Multe: Cassazione, valide anche se manca l'importo sul verbale

Sono valide, dunque, devono essere pagate le multe che sul verbale non riportano l'importo della sanzione. Lo specifica la Corte di Cassazione in una sentenza della Seconda sezione civile (la numero 1412) con la quale ricorda che ''nessuna norma impone la comunicazione della sanzione al trasgressore''. In ogni caso, ''il diritto di difesa non resta menomato dalla mancata conoscenza'' del costo della multa, a patto che nel verbale ''sia indicata la condotta materiale che integra la violazione'' del Codice della strada.
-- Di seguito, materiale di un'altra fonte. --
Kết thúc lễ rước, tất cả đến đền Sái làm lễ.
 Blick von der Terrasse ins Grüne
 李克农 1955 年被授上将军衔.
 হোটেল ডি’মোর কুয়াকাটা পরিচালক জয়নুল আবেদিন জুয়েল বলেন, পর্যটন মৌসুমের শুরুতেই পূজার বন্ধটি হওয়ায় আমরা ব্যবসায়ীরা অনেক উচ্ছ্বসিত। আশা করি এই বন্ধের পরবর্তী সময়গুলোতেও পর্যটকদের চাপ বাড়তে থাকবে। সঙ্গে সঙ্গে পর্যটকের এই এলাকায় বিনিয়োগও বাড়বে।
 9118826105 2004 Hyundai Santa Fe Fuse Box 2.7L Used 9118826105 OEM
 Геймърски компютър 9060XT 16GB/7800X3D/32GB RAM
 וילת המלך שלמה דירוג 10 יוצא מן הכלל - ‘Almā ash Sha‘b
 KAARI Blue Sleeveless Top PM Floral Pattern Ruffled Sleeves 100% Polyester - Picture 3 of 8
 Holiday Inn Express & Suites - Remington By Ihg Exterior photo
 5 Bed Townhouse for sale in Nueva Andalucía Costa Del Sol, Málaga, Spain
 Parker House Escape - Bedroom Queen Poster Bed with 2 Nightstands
Sulla base di questo principio, la Suprema Corte ha ribaltato la sentenza del Giudice di pace di Carrara, del maggio 2002, che aveva annullato la multa inflitta ad un automobilista del luogo, Nicola B., proprio sulla base del fatto che sul verbale non era stato specificato l'importo della multa. In questo modo, gli 'ermellini' hanno accolto il ricorso del Prefetto di Massa Carrara che, art. 383 del Codice della strada alla mano, ha ricordato cheil regolamento ''non prescrive che sul verbale contestato al contravventore sia indicato l'importo della sanzione da corrispondere''. La Suprema Corte, inoltre, bocciando le rivendicazioni dell'automobilista che chiedeva in ogni caso il pagamento in misura ridotta della sanzione, ricorda che ''per quanto concerne la mancata comunicazione della somma necessaria per effettuare il pagamento in misura ridotta, l'art. 202 c. 1 del Cds dispone che per le violazioni, per le quali e' stabilita una sanzione amministrativa pecuniaria, il trasgressore e' ammesso a pagare, entro sessanta giorni dalla contestazione o dalla notificazione, una somma pari al minimo fissato dalle singole norme''.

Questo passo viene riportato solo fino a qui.